[Problem details] Only the number is needed: the count of lines in the records with the word "Floor".

[Records to process]
↓

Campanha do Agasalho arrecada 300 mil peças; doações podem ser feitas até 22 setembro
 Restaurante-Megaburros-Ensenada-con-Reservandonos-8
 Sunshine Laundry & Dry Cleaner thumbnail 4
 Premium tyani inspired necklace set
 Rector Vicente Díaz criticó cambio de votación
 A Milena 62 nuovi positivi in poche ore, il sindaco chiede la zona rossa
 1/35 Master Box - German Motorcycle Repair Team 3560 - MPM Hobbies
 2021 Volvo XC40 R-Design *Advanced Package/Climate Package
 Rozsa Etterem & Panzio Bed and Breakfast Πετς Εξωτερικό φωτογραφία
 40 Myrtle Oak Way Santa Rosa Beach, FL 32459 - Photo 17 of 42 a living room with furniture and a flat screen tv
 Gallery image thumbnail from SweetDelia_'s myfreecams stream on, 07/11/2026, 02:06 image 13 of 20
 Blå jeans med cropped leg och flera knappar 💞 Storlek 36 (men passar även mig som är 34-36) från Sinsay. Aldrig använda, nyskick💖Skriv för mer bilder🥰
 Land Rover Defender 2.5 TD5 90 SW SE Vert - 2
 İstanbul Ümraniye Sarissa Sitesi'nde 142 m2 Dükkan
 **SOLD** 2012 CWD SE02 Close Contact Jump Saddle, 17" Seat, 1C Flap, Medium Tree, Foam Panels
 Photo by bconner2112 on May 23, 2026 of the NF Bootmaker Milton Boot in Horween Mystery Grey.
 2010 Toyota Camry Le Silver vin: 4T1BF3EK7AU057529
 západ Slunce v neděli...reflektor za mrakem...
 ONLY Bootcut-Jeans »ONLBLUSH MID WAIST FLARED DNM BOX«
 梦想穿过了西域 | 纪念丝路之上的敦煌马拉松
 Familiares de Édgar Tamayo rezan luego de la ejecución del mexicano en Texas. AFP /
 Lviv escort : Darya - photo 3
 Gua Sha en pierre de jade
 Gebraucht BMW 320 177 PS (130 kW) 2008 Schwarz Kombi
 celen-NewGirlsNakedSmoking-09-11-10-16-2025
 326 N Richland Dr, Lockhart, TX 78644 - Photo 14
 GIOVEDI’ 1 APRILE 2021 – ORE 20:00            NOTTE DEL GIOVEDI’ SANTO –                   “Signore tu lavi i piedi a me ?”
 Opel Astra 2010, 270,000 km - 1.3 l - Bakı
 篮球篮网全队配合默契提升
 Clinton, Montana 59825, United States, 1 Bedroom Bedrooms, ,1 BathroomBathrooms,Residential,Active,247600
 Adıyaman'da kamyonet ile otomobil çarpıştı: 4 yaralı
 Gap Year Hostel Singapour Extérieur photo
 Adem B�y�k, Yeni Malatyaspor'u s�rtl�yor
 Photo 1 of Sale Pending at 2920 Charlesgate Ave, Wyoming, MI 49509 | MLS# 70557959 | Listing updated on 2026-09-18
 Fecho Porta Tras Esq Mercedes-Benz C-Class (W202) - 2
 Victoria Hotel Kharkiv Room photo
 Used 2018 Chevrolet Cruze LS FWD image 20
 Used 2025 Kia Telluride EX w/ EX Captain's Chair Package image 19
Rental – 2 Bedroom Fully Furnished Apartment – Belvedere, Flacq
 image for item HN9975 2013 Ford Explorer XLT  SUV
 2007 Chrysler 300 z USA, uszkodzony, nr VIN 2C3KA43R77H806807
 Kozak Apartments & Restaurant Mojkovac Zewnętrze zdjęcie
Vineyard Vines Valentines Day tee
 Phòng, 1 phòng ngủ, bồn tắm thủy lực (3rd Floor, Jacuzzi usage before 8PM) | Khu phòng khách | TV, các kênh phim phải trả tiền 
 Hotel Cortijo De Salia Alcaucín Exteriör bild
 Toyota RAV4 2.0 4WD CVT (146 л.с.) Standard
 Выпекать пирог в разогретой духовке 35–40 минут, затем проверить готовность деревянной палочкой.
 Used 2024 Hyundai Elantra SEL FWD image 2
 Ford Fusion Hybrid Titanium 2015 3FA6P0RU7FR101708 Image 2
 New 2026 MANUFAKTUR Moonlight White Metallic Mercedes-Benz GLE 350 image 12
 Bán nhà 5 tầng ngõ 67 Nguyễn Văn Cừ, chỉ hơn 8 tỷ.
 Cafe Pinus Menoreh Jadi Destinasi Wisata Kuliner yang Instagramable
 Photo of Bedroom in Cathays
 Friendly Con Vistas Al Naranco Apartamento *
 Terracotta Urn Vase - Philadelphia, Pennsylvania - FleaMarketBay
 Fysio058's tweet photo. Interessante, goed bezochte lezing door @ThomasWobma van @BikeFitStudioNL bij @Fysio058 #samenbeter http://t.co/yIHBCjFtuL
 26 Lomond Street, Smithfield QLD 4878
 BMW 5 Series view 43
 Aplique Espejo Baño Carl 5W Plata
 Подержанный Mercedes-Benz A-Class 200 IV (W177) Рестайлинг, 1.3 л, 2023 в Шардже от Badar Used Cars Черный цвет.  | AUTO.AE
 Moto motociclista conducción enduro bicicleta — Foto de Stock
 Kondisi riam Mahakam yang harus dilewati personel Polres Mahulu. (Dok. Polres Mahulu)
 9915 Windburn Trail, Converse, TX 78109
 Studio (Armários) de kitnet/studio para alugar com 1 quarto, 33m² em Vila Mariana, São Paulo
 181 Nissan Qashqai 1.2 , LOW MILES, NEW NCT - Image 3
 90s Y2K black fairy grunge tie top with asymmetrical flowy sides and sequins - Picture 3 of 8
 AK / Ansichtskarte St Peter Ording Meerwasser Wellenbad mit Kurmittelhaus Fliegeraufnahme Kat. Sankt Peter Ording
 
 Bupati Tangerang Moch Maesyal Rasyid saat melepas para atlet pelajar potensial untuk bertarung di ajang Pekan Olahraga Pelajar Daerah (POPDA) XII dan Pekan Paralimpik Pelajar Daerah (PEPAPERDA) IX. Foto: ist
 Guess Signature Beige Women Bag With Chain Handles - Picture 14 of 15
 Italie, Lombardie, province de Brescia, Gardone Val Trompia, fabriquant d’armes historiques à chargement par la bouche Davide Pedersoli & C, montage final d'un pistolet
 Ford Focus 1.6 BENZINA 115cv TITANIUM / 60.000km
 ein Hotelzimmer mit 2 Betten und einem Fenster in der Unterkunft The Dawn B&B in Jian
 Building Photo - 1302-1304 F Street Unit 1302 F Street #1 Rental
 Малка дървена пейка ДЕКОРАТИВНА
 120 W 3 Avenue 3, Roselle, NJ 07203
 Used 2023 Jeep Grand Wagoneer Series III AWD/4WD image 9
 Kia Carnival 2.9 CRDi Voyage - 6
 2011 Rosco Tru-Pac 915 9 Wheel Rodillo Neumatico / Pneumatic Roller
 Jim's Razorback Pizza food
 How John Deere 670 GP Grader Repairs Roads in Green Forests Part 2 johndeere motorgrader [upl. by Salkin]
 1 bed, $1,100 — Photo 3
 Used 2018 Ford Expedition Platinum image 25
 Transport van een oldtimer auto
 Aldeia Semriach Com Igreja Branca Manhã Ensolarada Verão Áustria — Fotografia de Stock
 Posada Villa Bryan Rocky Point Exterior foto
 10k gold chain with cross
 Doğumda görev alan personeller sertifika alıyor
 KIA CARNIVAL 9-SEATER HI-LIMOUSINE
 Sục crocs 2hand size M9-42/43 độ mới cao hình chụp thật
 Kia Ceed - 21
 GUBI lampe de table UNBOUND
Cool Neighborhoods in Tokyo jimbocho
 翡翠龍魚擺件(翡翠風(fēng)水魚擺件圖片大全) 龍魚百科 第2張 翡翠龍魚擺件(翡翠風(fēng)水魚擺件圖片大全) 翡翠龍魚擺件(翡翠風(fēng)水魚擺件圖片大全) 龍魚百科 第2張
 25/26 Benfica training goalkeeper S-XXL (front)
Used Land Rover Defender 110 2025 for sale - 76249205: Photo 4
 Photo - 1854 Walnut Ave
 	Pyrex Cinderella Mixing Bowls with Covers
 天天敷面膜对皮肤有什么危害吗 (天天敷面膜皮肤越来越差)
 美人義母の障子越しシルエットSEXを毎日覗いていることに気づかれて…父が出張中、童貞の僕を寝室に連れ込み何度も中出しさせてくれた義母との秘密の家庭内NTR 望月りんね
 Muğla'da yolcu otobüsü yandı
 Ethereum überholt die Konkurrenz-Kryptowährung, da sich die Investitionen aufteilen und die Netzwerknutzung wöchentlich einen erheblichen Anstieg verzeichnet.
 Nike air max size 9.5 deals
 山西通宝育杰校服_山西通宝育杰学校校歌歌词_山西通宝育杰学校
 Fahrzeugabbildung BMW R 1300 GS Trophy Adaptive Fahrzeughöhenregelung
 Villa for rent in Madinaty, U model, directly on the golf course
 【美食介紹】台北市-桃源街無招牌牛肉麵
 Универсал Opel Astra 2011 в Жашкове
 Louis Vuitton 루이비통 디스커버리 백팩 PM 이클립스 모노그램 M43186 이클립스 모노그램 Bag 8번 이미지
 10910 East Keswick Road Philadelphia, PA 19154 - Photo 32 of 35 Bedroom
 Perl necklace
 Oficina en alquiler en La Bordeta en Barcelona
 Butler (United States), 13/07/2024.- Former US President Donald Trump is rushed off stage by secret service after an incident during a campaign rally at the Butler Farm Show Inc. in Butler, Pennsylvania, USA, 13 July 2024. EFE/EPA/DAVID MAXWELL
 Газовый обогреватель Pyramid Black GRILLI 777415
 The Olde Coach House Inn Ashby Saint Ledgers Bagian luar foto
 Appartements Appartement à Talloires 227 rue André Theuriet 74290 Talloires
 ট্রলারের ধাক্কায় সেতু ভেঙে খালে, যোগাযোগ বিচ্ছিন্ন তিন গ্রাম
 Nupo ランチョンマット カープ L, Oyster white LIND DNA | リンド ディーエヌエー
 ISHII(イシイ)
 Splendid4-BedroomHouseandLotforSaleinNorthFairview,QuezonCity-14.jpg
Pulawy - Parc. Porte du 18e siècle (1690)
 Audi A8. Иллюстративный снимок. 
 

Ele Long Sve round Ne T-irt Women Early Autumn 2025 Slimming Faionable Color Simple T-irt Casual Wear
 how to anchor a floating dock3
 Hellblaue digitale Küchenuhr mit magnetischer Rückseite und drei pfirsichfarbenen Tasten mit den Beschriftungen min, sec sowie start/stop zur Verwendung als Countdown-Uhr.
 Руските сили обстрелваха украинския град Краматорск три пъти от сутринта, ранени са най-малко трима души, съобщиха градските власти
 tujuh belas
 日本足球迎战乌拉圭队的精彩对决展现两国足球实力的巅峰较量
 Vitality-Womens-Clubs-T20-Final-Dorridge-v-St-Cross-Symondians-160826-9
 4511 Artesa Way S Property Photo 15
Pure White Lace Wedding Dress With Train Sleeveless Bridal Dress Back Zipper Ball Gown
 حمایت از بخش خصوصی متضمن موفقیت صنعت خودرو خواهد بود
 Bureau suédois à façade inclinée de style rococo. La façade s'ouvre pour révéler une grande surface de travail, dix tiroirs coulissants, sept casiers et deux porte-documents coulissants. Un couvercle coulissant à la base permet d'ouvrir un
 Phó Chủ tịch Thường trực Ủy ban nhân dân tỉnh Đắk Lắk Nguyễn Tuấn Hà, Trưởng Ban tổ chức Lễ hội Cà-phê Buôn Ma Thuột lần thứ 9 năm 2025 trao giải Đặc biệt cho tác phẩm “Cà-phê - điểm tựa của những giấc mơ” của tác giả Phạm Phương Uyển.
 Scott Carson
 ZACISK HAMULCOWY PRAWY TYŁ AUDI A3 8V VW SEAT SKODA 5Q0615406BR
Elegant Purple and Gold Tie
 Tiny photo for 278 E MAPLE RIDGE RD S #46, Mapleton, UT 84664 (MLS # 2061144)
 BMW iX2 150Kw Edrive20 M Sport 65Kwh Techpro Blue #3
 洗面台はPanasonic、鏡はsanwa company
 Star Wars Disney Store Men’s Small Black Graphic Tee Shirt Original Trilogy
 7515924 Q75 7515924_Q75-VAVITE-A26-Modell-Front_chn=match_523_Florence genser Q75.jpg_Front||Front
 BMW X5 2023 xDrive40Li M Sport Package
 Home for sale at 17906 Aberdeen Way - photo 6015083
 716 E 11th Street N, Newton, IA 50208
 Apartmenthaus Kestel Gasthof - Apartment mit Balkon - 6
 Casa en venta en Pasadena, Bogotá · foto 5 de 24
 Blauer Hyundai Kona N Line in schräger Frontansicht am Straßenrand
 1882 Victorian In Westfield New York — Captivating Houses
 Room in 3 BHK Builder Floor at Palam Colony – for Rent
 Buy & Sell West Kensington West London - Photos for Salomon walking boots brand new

↑

[Expected answer] 2